------ DATA EXTRACTS

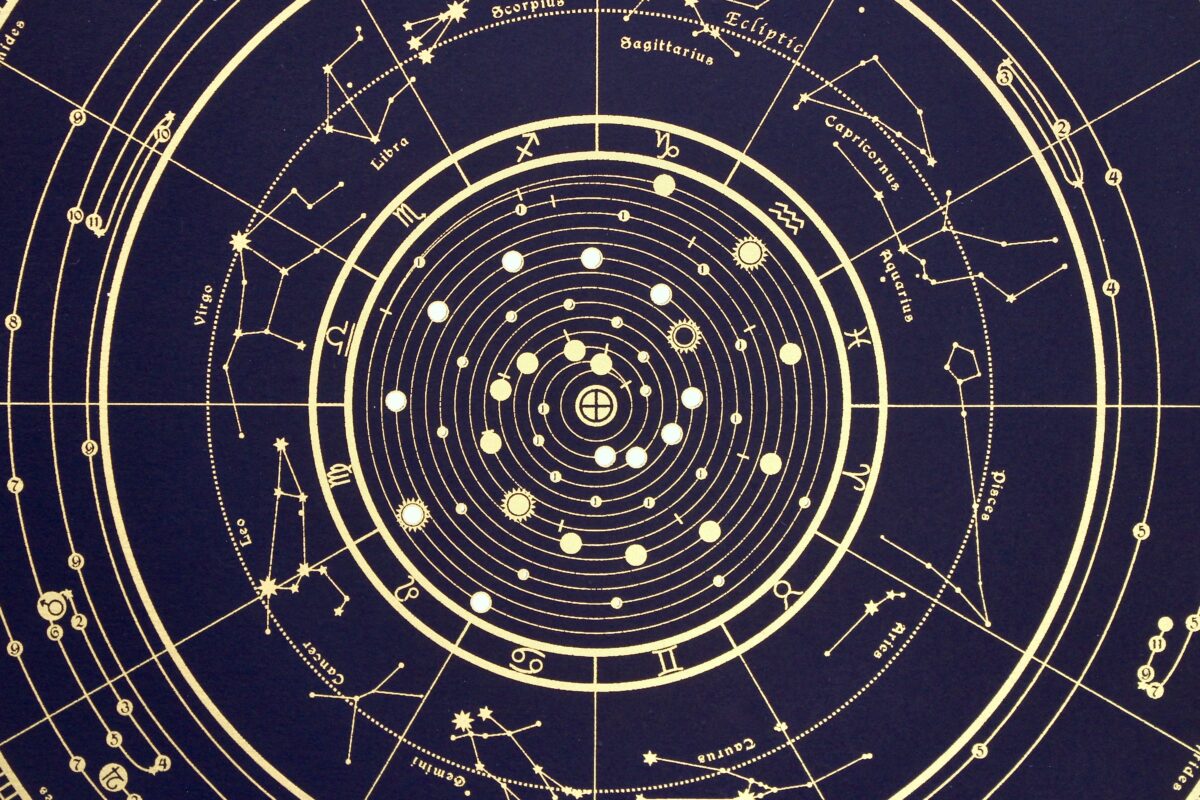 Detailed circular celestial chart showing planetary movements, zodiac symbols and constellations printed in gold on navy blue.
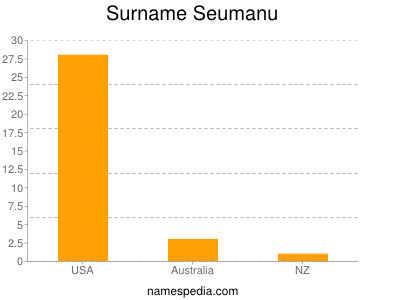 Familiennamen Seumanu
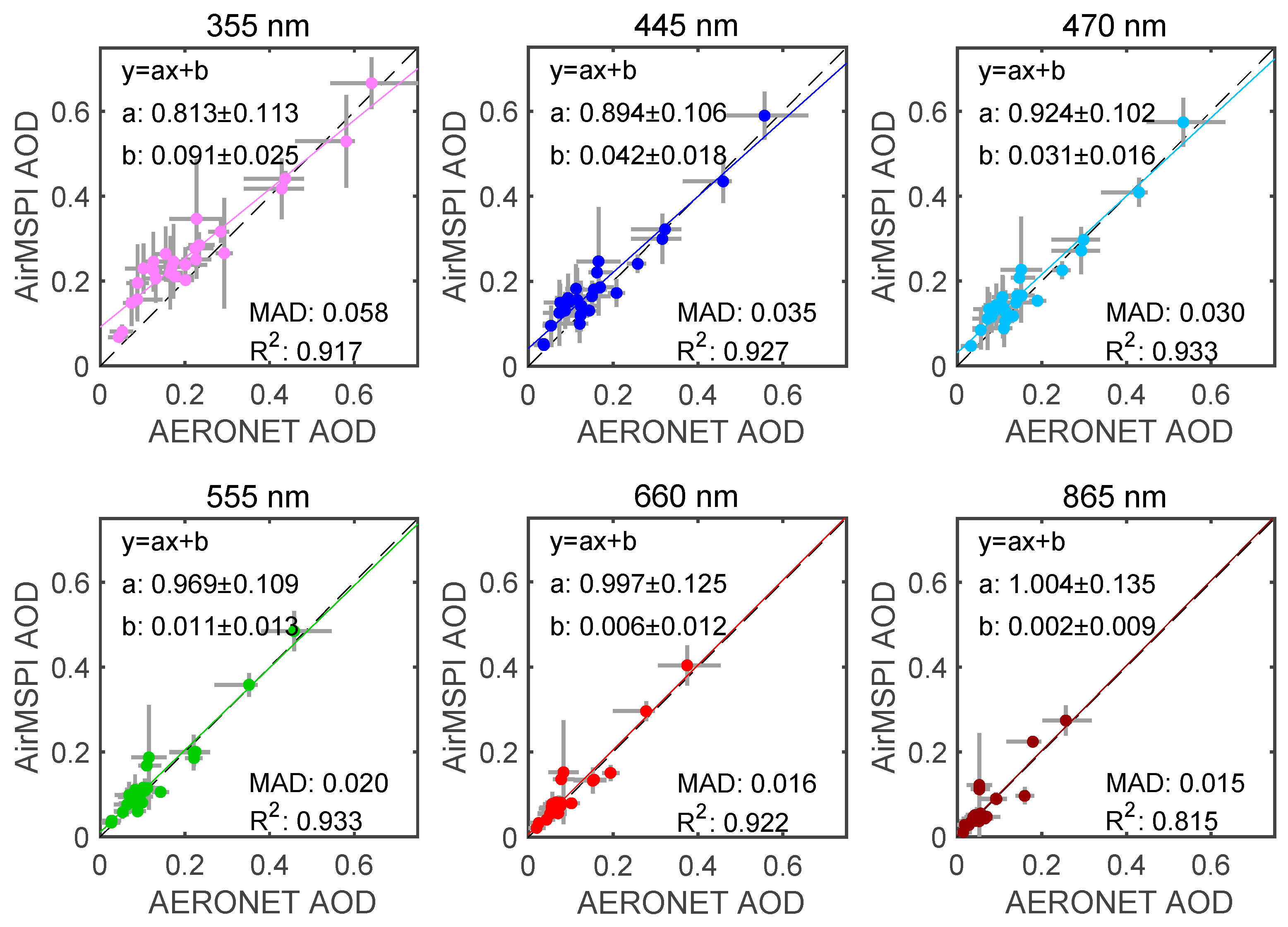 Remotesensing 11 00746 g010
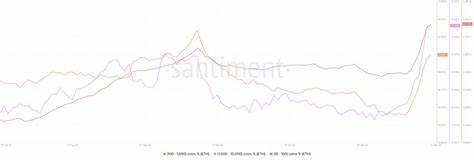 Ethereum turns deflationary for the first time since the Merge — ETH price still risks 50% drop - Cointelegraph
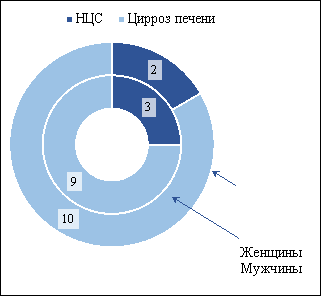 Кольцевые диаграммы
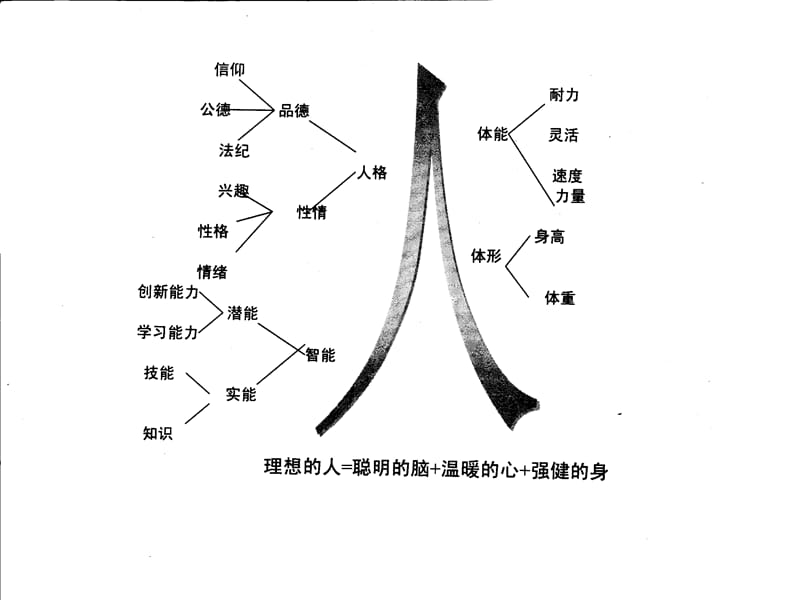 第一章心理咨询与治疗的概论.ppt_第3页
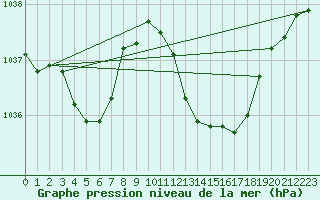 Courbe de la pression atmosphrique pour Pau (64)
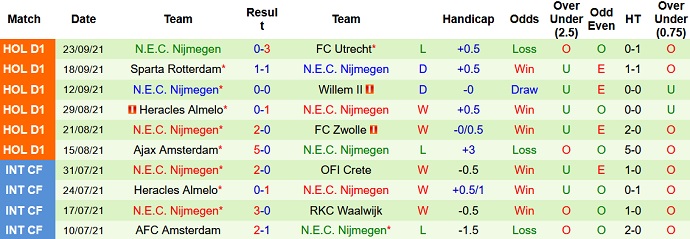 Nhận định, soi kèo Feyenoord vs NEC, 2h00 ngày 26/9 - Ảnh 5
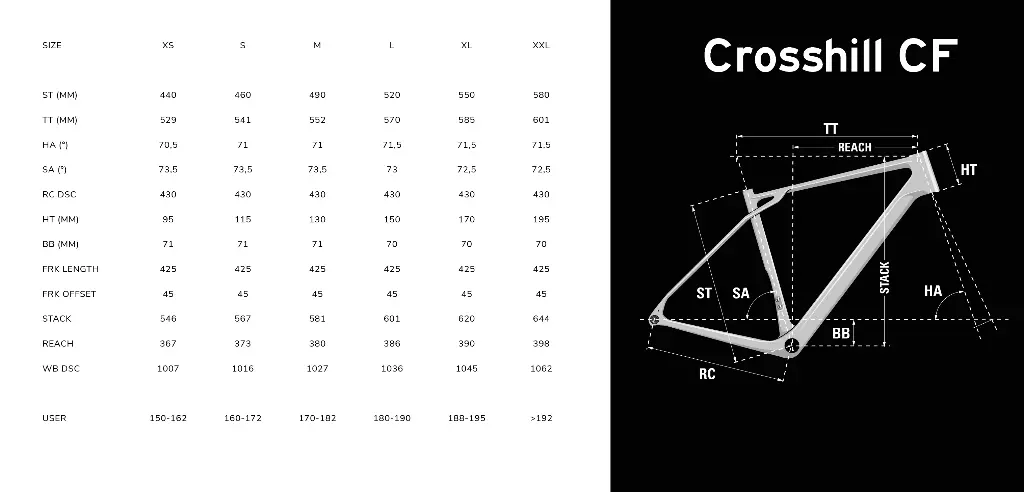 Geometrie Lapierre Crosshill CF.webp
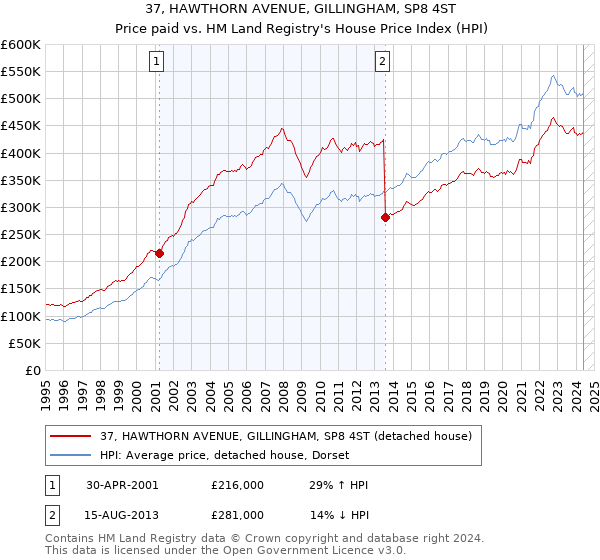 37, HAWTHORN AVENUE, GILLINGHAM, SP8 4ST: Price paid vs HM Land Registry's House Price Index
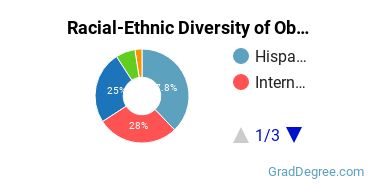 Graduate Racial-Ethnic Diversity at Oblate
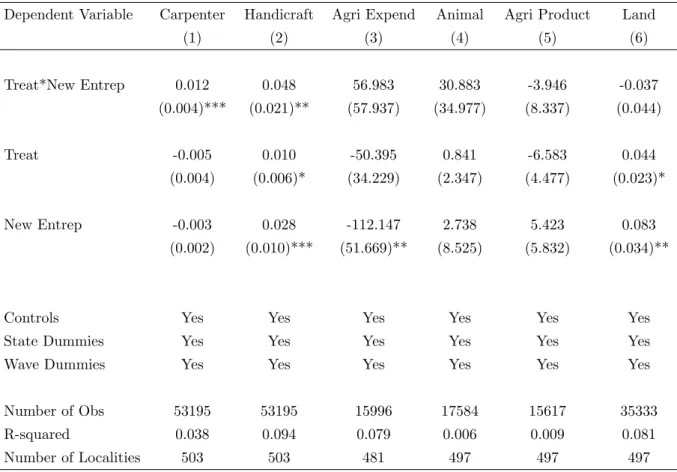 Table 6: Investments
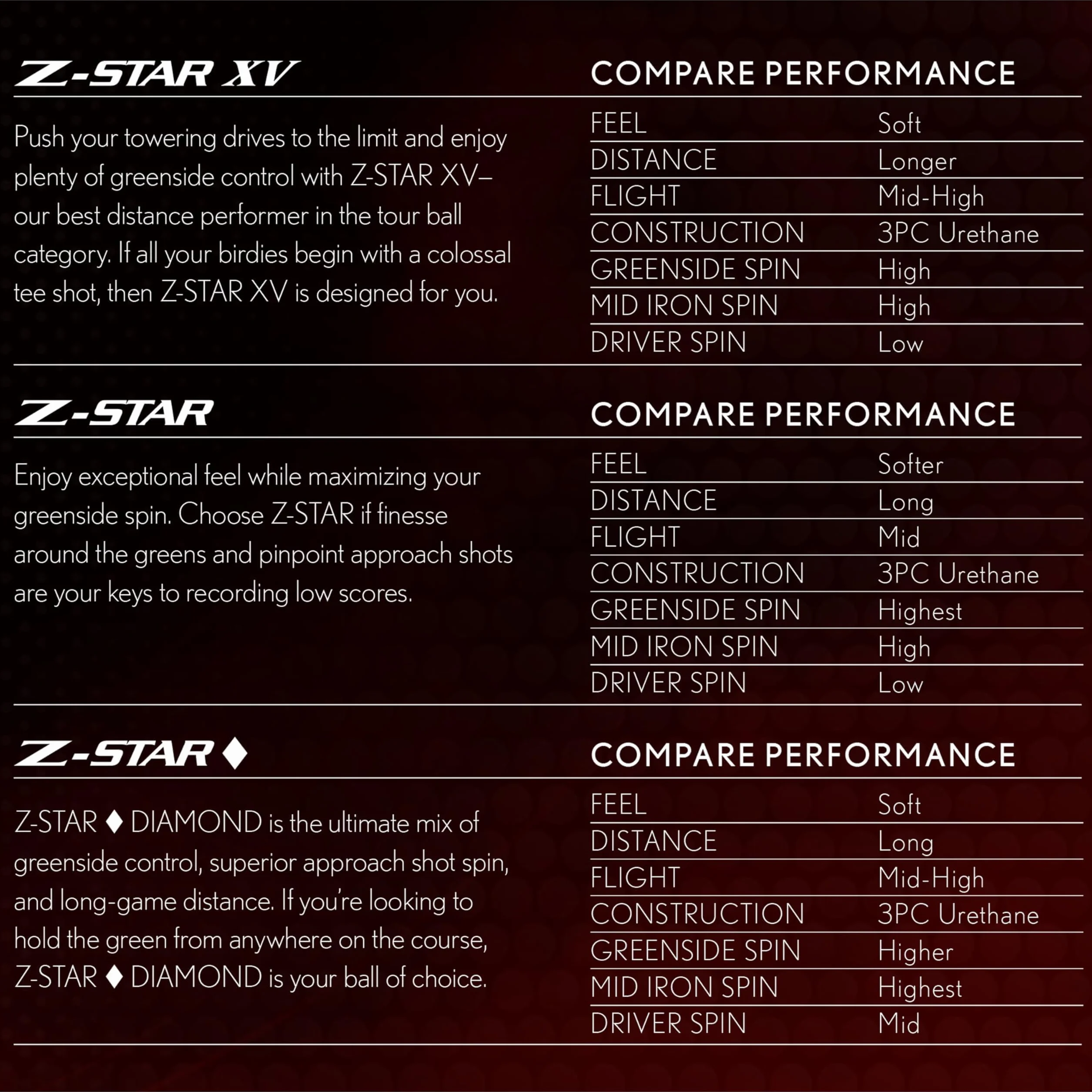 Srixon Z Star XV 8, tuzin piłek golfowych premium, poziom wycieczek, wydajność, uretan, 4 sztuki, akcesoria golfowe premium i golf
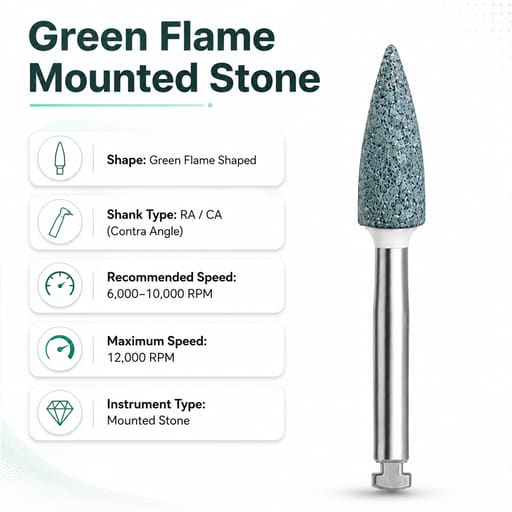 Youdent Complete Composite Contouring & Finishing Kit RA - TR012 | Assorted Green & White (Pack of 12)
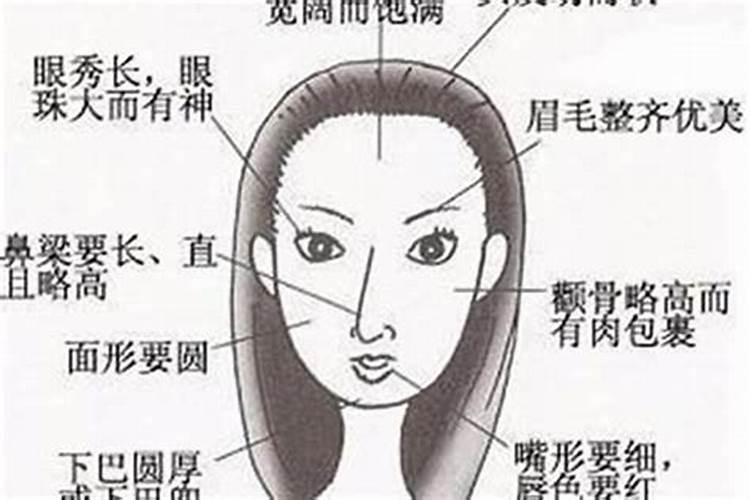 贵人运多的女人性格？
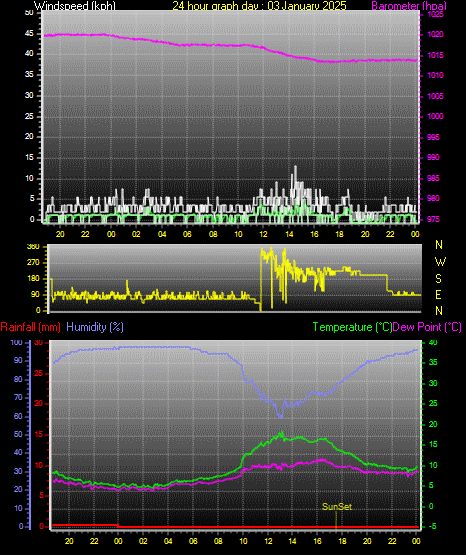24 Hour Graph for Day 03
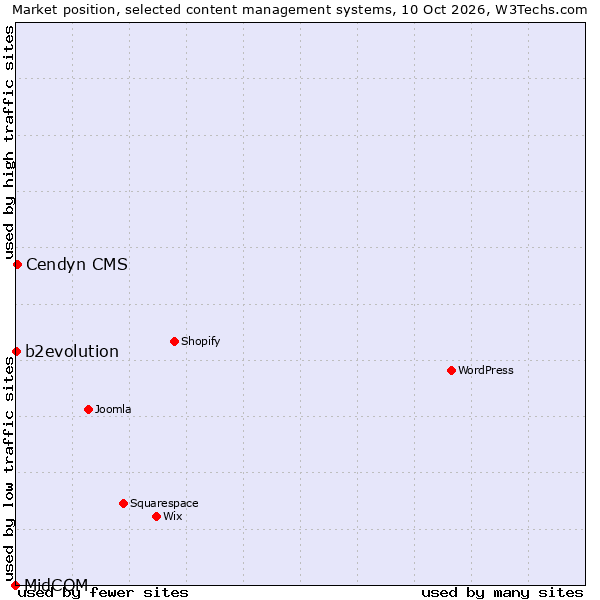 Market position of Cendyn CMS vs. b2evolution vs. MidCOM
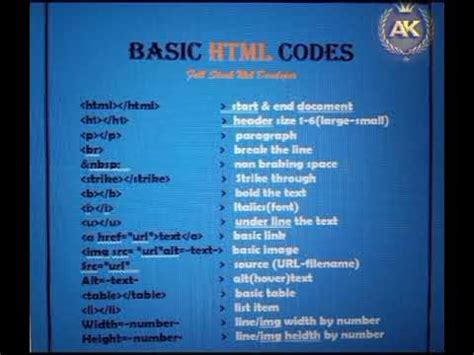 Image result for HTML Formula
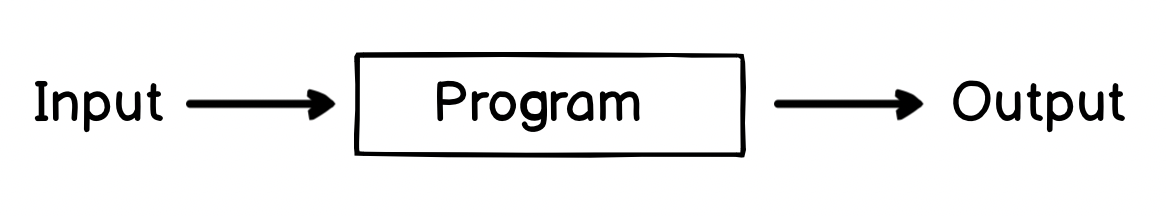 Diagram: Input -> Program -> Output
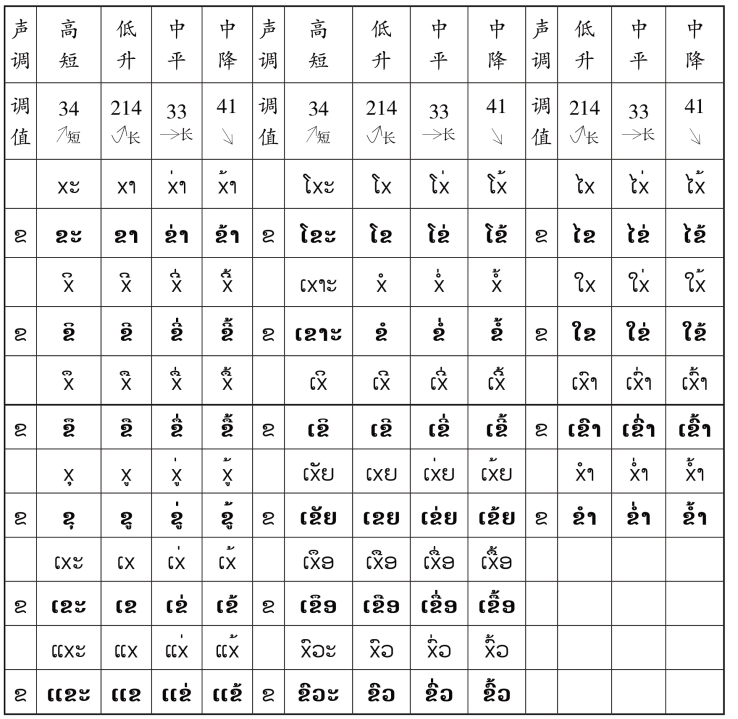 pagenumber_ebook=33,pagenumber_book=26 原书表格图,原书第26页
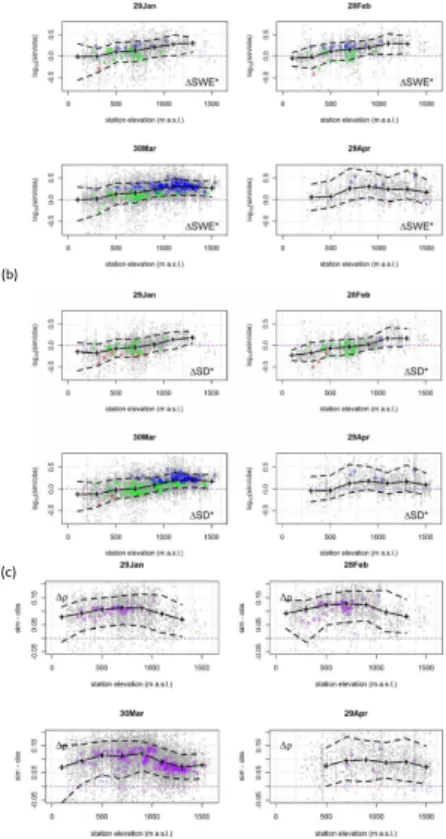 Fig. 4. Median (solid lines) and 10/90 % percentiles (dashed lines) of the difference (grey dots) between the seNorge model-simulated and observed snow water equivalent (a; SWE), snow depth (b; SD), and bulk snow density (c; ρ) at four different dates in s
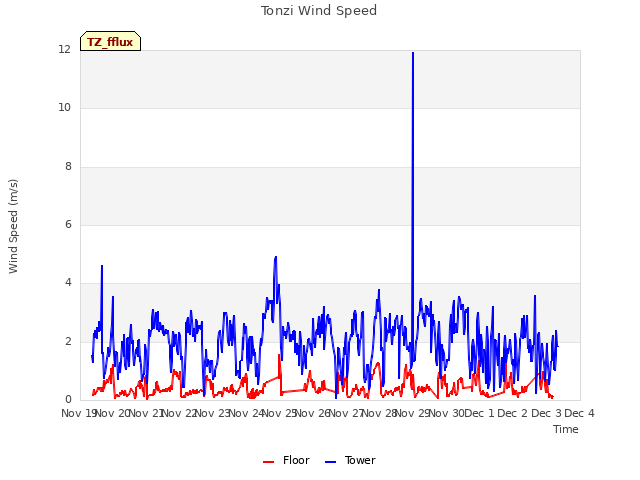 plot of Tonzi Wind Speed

------------

WORK TASK: Give the lines again word for word, from the start of the records to the line holding "Кольцевые диаграммы", both included, and leave out any picture.

RESPONSE:
 Detailed circular celestial chart showing planetary movements, zodiac symbols and constellations printed in gold on navy blue.
 Familiennamen Seumanu
 Remotesensing 11 00746 g010
 Ethereum turns deflationary for the first time since the Merge — ETH price still risks 50% drop - Cointelegraph
 Кольцевые диаграммы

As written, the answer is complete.